В кухоньке, находившейся за моей спиной, рослая женшина–ашантийка трудилась над шестифунтовой макрелью. Это была моя макрель! Она была разрезана надвое, передняя часть томилась в горшке среди помидоров с палеи величиной и накрошенного чеснока. Другая половина брызгала растительным маслом на угли мангрового дерева, над которых она жарилась. Вдобавок в бирмингемском противне запекалась половина плода хлебного дерева, и я чувствовал себя в ладу со всем миром. Тяжесть забот о морских черепахах я переложил на плечи мужа моей хозяйки, который собирал для меня сведения о местных охотниках за черепахами. Трое мальчишек по моему заданию ловили за плату всяких животных: ящериц по три пенса и змей по полтора пенса за штуку.
Внизу, под верандой, на поросшем травой скате холма паслись на привязи коза и осел. Чтобы достать висевшие высоко над головой ветки агавы, козе приходилось становиться на задние ноги. Осел был миниатюрным седоватым вест–индским созданием, преисполненным скрытой моши и длинноухого спокойствия. Это было странное маленькое животное. Время от времени, приходя в особое расположение духа, он издавал самый невероятный из звериных криков - ликую, отвратительную ослиную песню, которая всегда напоминала знакомые мне по довоенным годам туманные мексиканские зори.
Неожиданно на веранде послышались шаги: это вернулся мой разведчик и сообщил, что люди, лучше всех знающие толк в черепахах, живут в деревне, в девяти милях западнее по побережью. Я поблагодарил и сказал, что наутро отправлюсь к ним. Он стал объяснять, какой тропой надо идти, но тут я увидел на столе половину моей макрели, и нашей беседе наступил конец.
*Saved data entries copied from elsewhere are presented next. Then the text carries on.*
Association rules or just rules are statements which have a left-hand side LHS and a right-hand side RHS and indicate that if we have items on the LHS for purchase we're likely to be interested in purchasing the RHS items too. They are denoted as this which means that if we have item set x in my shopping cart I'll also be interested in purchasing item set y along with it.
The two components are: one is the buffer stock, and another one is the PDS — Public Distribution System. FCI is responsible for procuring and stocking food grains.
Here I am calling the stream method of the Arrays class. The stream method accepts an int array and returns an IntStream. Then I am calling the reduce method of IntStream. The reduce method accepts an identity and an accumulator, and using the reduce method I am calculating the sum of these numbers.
Ранним утром следующего дня, оставив в конце дороги свою маленькую английскую автомашину, я отправился дальше по каменистой тропе. Продвигался я очень медленно - мне нигде не приходилось видеть таких чудесных пейзажей, как на северном берегу Тринидада, между Матло и бухтой Маракас. Тропа тянулась через оголенные ветром кустарники высотой по пояс человеку, шла вдоль возвышающегося, как башня, мыса, вилась по ущельям мимо высоких и гладких, как стена, выступов джунглей, затем падала книзу и проходила вдоль берега, поросшего пальмами, и наконец привела меня к невидимой издали бухточке. Я невольно залюбовался голубой заводью бухты, в теплую, кристальную воду которой вливался поток свежей, принесенной с гор ледяной воды. Здесь жили маленькие лягушки и крабы, и молодь барракуды бросалась на вертящихся юлой жуков.
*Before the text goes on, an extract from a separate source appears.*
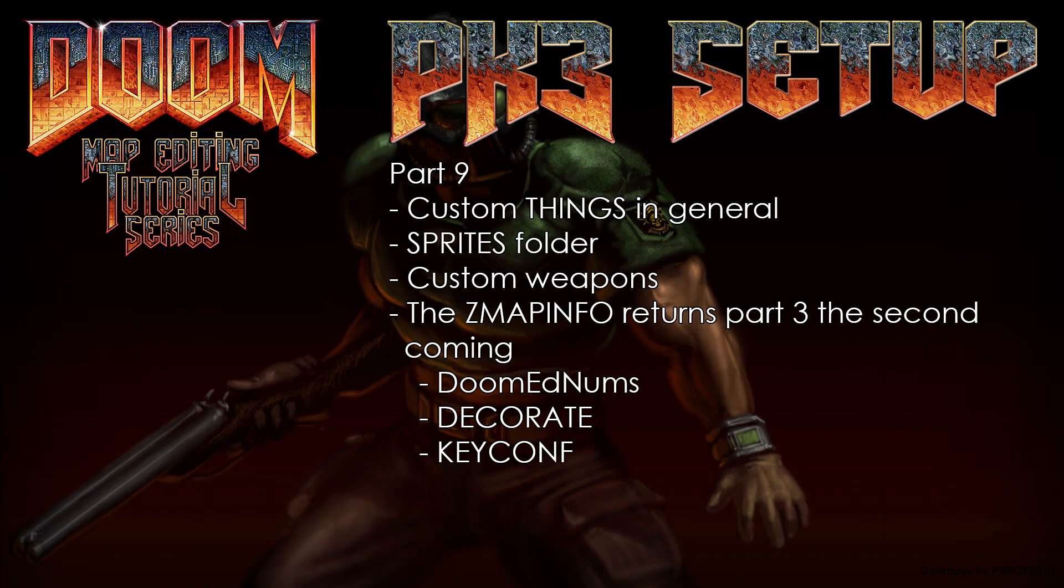Welcome back Doomfans, LazyGamer here. With sounds and music out of the way, we can finally get to the real exciting part, adding custom things to the map.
Это был неторопливый переход. В конце концов я добрался до поселка, состоявшего из нескольких лачуг. Передо мной возникли крошечные, обожженные солнцем хижины с высокими, островерхими крышами, как у домиков Диснея. Они располагались вдоль склона горы, среди пальм и хлебных деревьев. Внизу виднелась небольшая глубокая и узкая, как фиорд, бухта, заканчивавшаяся среди гранитных выступов песчаным полукругом. Я увидел с десяток лодок, находившихся в различной степени готовности к выходу в море. На одни еще только ставили треугольные паруса, другие же с лохмотьями вместо кливера держались подальше от берега, так как ветер продувал бухту насквозь, третьи скользили между высокими скалами, а одна лодка просто качалась на волнах залива. С тропинки, проходившей высоко над берегом, мне был виден лежавший на песке челнок. Три человека собирались сдвинуть его в воду.
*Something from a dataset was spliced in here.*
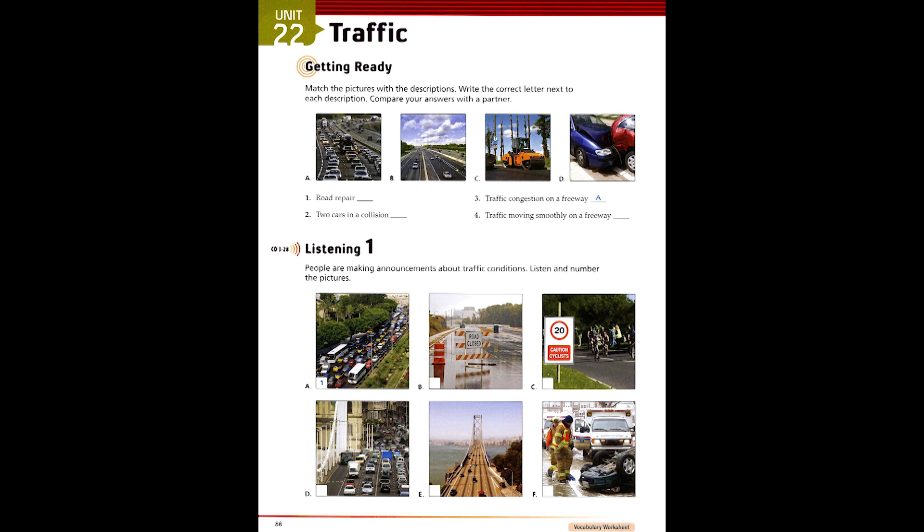4. There has been a traffic accident on Watergate Drive. An ambulance has arrived, but keep away from Watergate Drive. There is a lot of traffic backed up.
Наклонившись над обрывом, я прокричал людям приветствие. Вероятно, я показался им необыкновенным существом, вдруг появившимся на тропинке: белый, измазанный глиной, обвешанный сумками. Но здешние жители преисполнены доброжелательности и умения соблюдать приличия. Эти свойства они черпают из моря точно так же, как бедняки приобретают их от земли. Какой‑то миг они безмолвно глядели на меня, а затем старый человек, стоявший по колено в воде, сказал:
― Добрый день, сэр!
― Здесь кто‑нибудь промышляет черепах? - спросил я.
Люди снова взглянули на меня, а потом стоявший вводе человек переспросил:
― Что вы сказали, сэр?
― Вы ловите здесь черепах?
― Черепах? Иногда мы их ловим, сэр…
― Хорошо. Тогда скажите, сколько пород черепах вы ловите?
Я всегда так спрашивал: без всяких обиняков. И на протяжении доброй тысячи миль ничего не слышал о ридлеях.
Все трое начали о чем‑то говорить между собой, но так тихо, что за шумом прибоя я не мог разобрать слов. Они пытались сосчитать на пальцах, но, видимо, никак не могли прийти к соглашению. В конце концов те двое, что раньше не обращали на меня внимания, посмотрели наверх и сказали что‑то громко, но непонятно.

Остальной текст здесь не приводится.